JAKARTA – Amazon recently signed a deal to install palm scanning technology at the Red Rocks Amphitheater. However, the move has drawn backlash from artists, rights activists and fans over privacy concerns.

Amazon One's contactless payment technology was launched more than a year ago and relies on palm scanning to allow users to authenticate payments after purchasing items from Amazon Go outlets.

The argument put against the security giants of e-commerce is that "you can't determine someone's identity by looking at the image of their palm."

Plus, the company ensures that fingerprints are not stored on the device, and are encrypted before being stored in the cloud. To increase adoption, Amazon is offering $10 as an incentive to users who sign up for the palm scanning service.

However, privacy concerns surrounding the handling of biometric data are perfectly legitimate. For a company with a not-so-good record, this Amazon technology will never be accepted with open arms.

Amazon's latest challenge comes from a group of artists, privacy advocates, and fans protesting against the installation of the Amazon One palm scanner outside Colorado's famed Red Rocks Amphitheater.

It has a rich history spanning more than seven decades of hosting influential artists and groups such as The Beatles, Johnny Cash, Jimi Hendrix, John Denver, U2, Bruce Springsteen, Bob Dylan and Stevie Wonder.

Amazon signed a deal with event ticketing company AEG in September this year to install an Amazon One palm-scanning kiosk outside the venue. The goal is to make the ticket verification process easier and faster.

However, highlighting the security concerns surrounding the risks of biometric surveillance, some 200 artists and 30 rights groups have now written an open letter to remove the palm scanning technology.

The letter likened the move to a "slap in the face to fans and artists who have gone to great lengths to promote safety for everyone at live events." Interestingly, AEG is backing away from plans to use facial recognition technology at concerts and festivals in 2019.
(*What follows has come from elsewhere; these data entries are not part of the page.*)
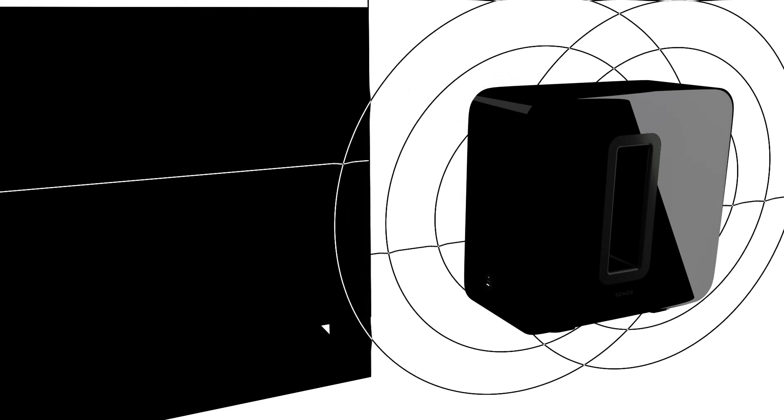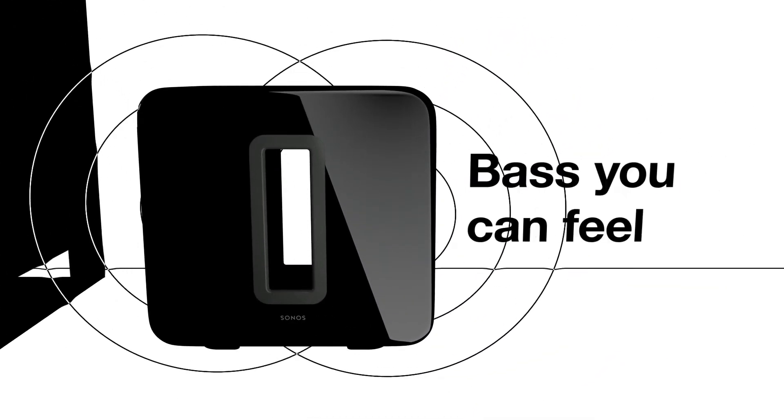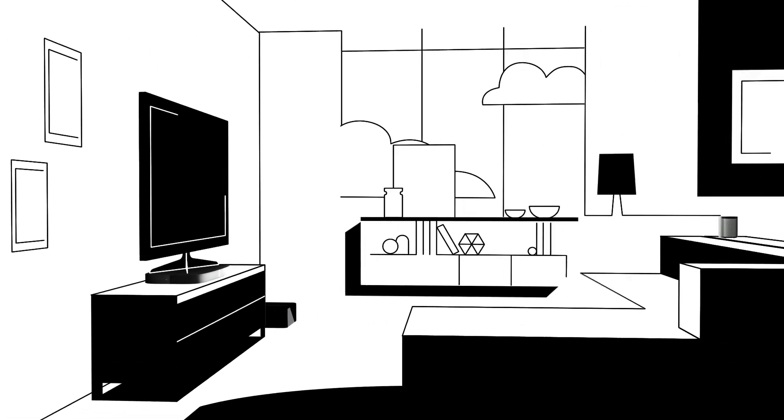The opening in the middle moves air out of the enclosure, so you won't just hear the difference, you'll feel it. Making the most of your other Sonos speakers. Stand it tall, lay it flat or hide it under the couch. Bottomless bass is all you'll hear. Sonos, the home sound system.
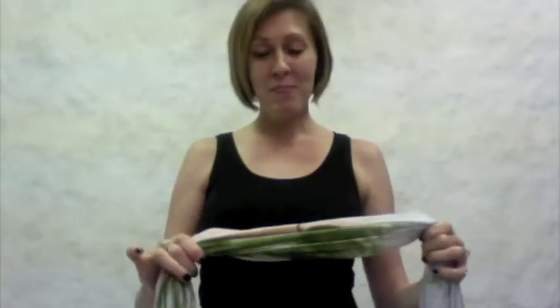This is called the wing of an angel. You're going to take the scarf like this. One end is going to be a little shorter than the other. Pull it around your neck. You're going to take the shorter side, wrap it around your neck, and do a nice little tuck.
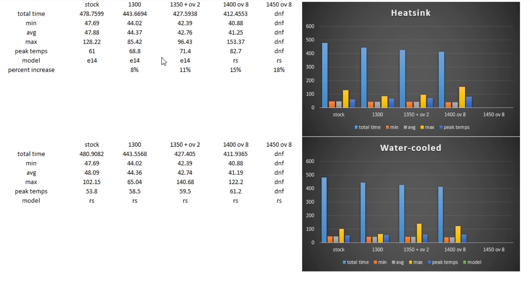Let's see how well this cools compared to the conventional heat sink. The numbers on the top left are for the heat sink — stock is 61 degrees Celsius; overclocked to 1.3GHz is 68 degrees Celsius; 1.35GHz is 71; and 1.4GHz is 82 degrees — and it did not finish at 1.45GHz. Comparing to the water cooled: stock is 53 degrees Celsius; 1.3GHz is 58; 1.35GHz is 59; 1.4GHz is 61. You can see it's maintaining right around that 60-degree area — very impressive.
Now the letter asks the company to take another stand and ditch the palm-based ticketing system outside the Red Rocks Amphitheater as well as for every other place where such a move has been planned.

It goes without saying that such technology has been flagged time and time again, and the pressure from rights activists has been increasing in recent times. Earlier this month, Facebook announced that it was revoking its facial recognition technology after it recorded more than a billion faces online.

Amazon is also not showing off a clean record. The company was criticized for allowing law enforcement authorities suspected of abusing machine learning-based Recognition technology to perform facial analysis and identification.

Following the protests, Amazon announced that it would limit police use of facial recognition products. As for its latest challenge, the open letter asks AEG to cancel its contract with Amazon and also ensure that no privacy-invading biometric systems are installed at any of its event venues around the world.